Who's Who on a Campaign
August 7, 2012 | By Leadership Institute Staff
Whether you're watching the news, volunteering at a local campaign office, or organizing your own run for office, it's helpful to know who's who -- and who's doing what! -- on the campaign trail.
So what's the work involved? No matter the size of the campaign, it must focus on 11 key activities, some of which you'll learn about in more detail in the coming weeks:
- planning and strategy
- day-to-day management
- research and polling
- issues and messaging
- voter contact
- volunteer coordination
The structure of the campaign and the roles of the staff are based on dividing up responsibility for these 11 key activities. Before the campaign is underway, the leadership team must decide -- and write down in the campaign -- which person is responsible for what activities.
What activity is the responsibility of a volunteer or a paid staff member? Will each activity be assigned to a different person or will one person handle multiple campaign activities?
On smaller campaigns, people may fill multiple roles and volunteers may take on substantial responsibilities. But on larger campaigns, this is the general breakdown by job title.
The campaign manager is the CEO. He or she is responsible for all campaign activities, including management of the candidate, and making sure that daily operations and programs are completed on time and within the budget.
On smaller campaigns, the campaign manager may play multiple roles: political strategist, fundraiser, media contact, and volunteer coordinator. But on larger campaigns, he or she oversees the campaign staff and consultants in their day-to-day work.
The Finance Director is responsible for the campaign’s fundraising programs. He or she develops a fundraising plan and oversees the campaign’s fundraising efforts through mail, online, and at in-person events.
The Finance Chairman and Finance Committee support the Finance Director. The chairman is ideally a person with strong ties to the local community who can help the campaign reach beyond donors who have a direct relationship with the candidate.

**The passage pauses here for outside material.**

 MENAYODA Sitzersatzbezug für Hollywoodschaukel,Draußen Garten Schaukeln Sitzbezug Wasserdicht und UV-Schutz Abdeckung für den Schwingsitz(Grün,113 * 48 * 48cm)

The Finance Committee is composed of similar people, whose networks can be tapped to raise funds for the campaign.
The Communications Director is responsible for the campaign’s messaging and communication to internal groups (i.e. donors, volunteers, and supporters) and external groups (i.e. media). He or she is responsible for determining when, how, and in what terms the campaign’s message is shared and spread. He or she also responds to inquiries, from the press, the community, or supporters, about the campaign.

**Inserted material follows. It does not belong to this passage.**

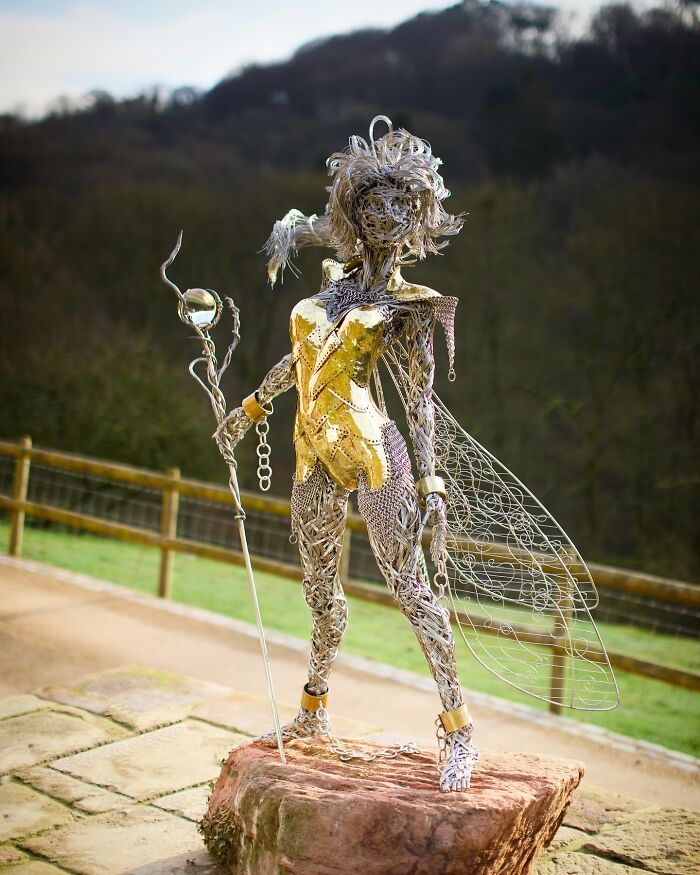 Amazing Fairy Sculptures Dancing With Dandelions By Robin Wight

The Communications Director also is responsible for the prioritization of campaign issues. A campaign is always about the candidate’s ideas and issues. The Communications Director helps the candidate determine the most important messages and the most effective way in which to deliver them.
On larger campaigns, the Communications Director will work with a Press Secretary, who maintains regular contact with the media.
The Political Director oversees a wide range of areas: voter targeting, outreach, and identification; coalitions; endorsements; and work with surrogates to speak on behalf of the campaign in the media.
On larger campaigns, the Political Director will oversee a Field Director, who manages day-to-day voter identification and outreach efforts “in the field,” and a Volunteer Director, who recruits and deploys volunteers to support the campaign’s efforts.
Professional consultants may be hired to manage entire campaign activities (e.g. fundraising or research and polling) or to part of a campaign activity (e.g. producing radio or television ads). The role of consultants on the campaign should be clearly delineated in their contracts.
In addition to these paid staff, campaigns rely heavily on volunteers – motivated by the candidate or the candidate’s issues – to complete their day-to-day work.